Start of Block
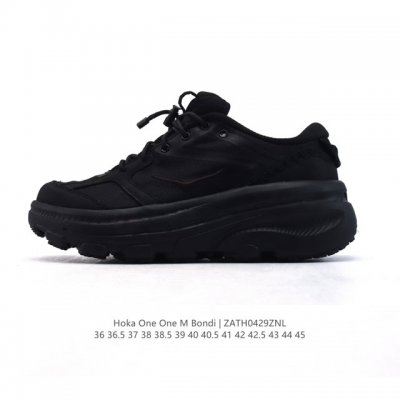 新品公司级 Hoka One One Bondi B3Ls联名运动鞋Hoka One One Bondi B3Ls 舒适防滑耐磨 低帮跑步鞋 男女同款运动鞋 出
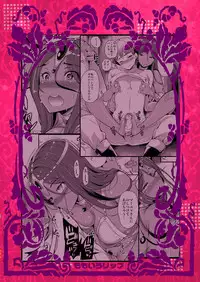 [Momoiro-Rip (Sugar Milk)] Boku Senyou no Kanojo (Dragon Quest IV) [Digital]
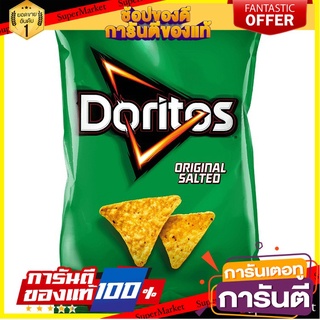 💝FOOD LOVE💝 Doritos Original Corn Chips 170g. โดริโทสดั้งเดิมข้าวโพดอบกรอบ 170 กรัม ขนมสุดอร่อย 🚙💨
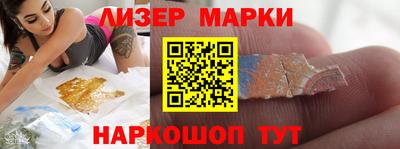 меф VHQ Волжск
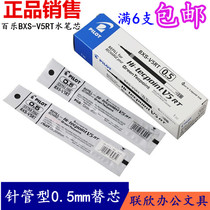 Japan Baile BXS-V5RT Water Refill 0 5mm Exam gel Refill BXRT-V5 Press Refill
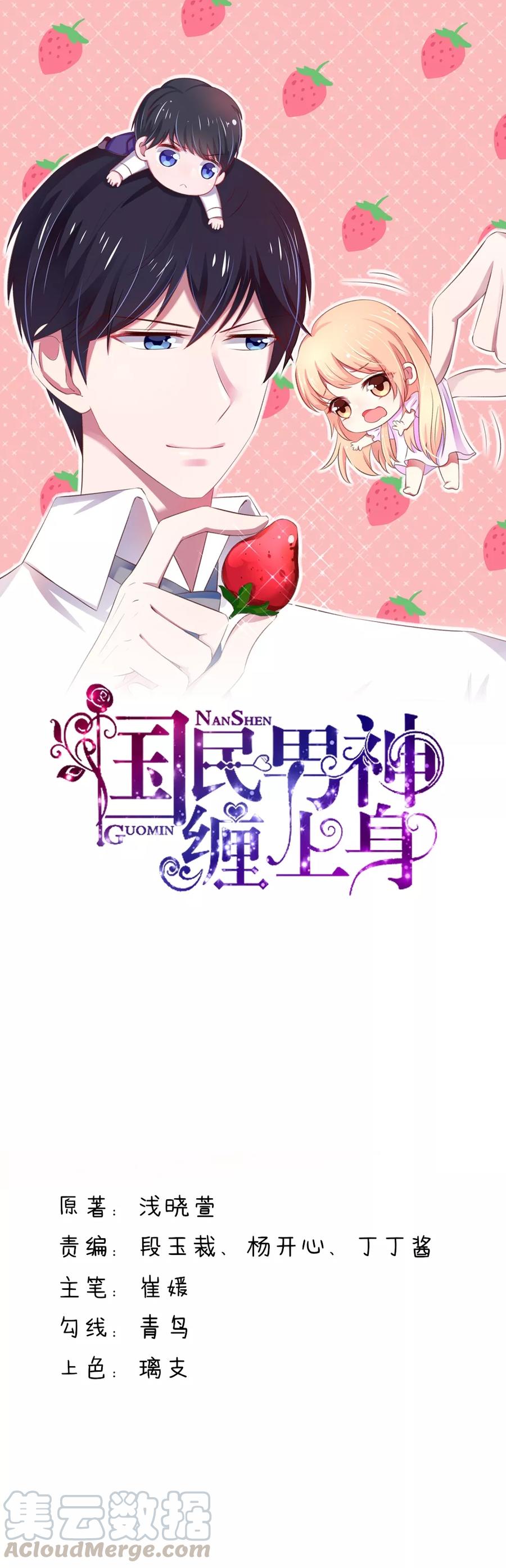第87话 总裁身边的女人是谁？0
End of Block
Exercise – Exactly the lines from the one that contains "Japan Baile BXS-V5RT" through the last line of the records should be set down, and the pictures should be dropped.

Answer to this problem –
 Japan Baile BXS-V5RT Water Refill 0 5mm Exam gel Refill BXRT-V5 Press Refill
第87话 总裁身边的女人是谁？0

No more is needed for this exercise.